**Activity:** Retype the data that follows, keeping every character the same.

**Provided information:**
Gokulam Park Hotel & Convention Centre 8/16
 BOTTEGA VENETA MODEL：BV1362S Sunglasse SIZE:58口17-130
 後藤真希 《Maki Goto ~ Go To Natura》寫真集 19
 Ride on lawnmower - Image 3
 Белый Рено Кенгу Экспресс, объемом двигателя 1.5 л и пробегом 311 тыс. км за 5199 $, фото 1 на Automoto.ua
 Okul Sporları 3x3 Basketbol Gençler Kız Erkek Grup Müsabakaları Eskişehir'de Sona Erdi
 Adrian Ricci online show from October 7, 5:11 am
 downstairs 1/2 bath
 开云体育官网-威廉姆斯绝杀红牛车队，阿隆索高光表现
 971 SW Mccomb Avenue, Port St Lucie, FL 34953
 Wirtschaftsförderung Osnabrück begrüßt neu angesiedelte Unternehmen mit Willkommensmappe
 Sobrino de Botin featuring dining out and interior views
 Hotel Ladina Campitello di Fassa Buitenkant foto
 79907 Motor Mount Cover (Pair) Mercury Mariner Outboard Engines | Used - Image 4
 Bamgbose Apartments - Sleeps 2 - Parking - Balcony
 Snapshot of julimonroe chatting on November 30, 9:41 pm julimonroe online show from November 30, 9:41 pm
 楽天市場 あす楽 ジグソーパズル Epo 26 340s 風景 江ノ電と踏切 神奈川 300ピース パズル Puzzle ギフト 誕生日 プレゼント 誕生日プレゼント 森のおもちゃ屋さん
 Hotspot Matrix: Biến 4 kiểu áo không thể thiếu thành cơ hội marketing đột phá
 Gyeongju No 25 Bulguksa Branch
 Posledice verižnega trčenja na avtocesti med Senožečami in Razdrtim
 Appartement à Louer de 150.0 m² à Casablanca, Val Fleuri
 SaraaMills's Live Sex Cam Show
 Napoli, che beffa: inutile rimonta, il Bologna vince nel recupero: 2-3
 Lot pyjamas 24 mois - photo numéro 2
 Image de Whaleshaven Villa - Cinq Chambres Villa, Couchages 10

**Output of the task:**
Gokulam Park Hotel & Convention Centre 8/16
 BOTTEGA VENETA MODEL：BV1362S Sunglasse SIZE:58口17-130
 後藤真希 《Maki Goto ~ Go To Natura》寫真集 19
 Ride on lawnmower - Image 3
 Белый Рено Кенгу Экспресс, объемом двигателя 1.5 л и пробегом 311 тыс. км за 5199 $, фото 1 на Automoto.ua
 Okul Sporları 3x3 Basketbol Gençler Kız Erkek Grup Müsabakaları Eskişehir'de Sona Erdi
 Adrian Ricci online show from October 7, 5:11 am
 downstairs 1/2 bath
 开云体育官网-威廉姆斯绝杀红牛车队，阿隆索高光表现
 971 SW Mccomb Avenue, Port St Lucie, FL 34953
 Wirtschaftsförderung Osnabrück begrüßt neu angesiedelte Unternehmen mit Willkommensmappe
 Sobrino de Botin featuring dining out and interior views
 Hotel Ladina Campitello di Fassa Buitenkant foto
 79907 Motor Mount Cover (Pair) Mercury Mariner Outboard Engines | Used - Image 4
 Bamgbose Apartments - Sleeps 2 - Parking - Balcony
 Snapshot of julimonroe chatting on November 30, 9:41 pm julimonroe online show from November 30, 9:41 pm
 楽天市場 あす楽 ジグソーパズル Epo 26 340s 風景 江ノ電と踏切 神奈川 300ピース パズル Puzzle ギフト 誕生日 プレゼント 誕生日プレゼント 森のおもちゃ屋さん
 Hotspot Matrix: Biến 4 kiểu áo không thể thiếu thành cơ hội marketing đột phá
 Gyeongju No 25 Bulguksa Branch
 Posledice verižnega trčenja na avtocesti med Senožečami in Razdrtim
 Appartement à Louer de 150.0 m² à Casablanca, Val Fleuri
 SaraaMills's Live Sex Cam Show
 Napoli, che beffa: inutile rimonta, il Bologna vince nel recupero: 2-3
 Lot pyjamas 24 mois - photo numéro 2
 Image de Whaleshaven Villa - Cinq Chambres Villa, Couchages 10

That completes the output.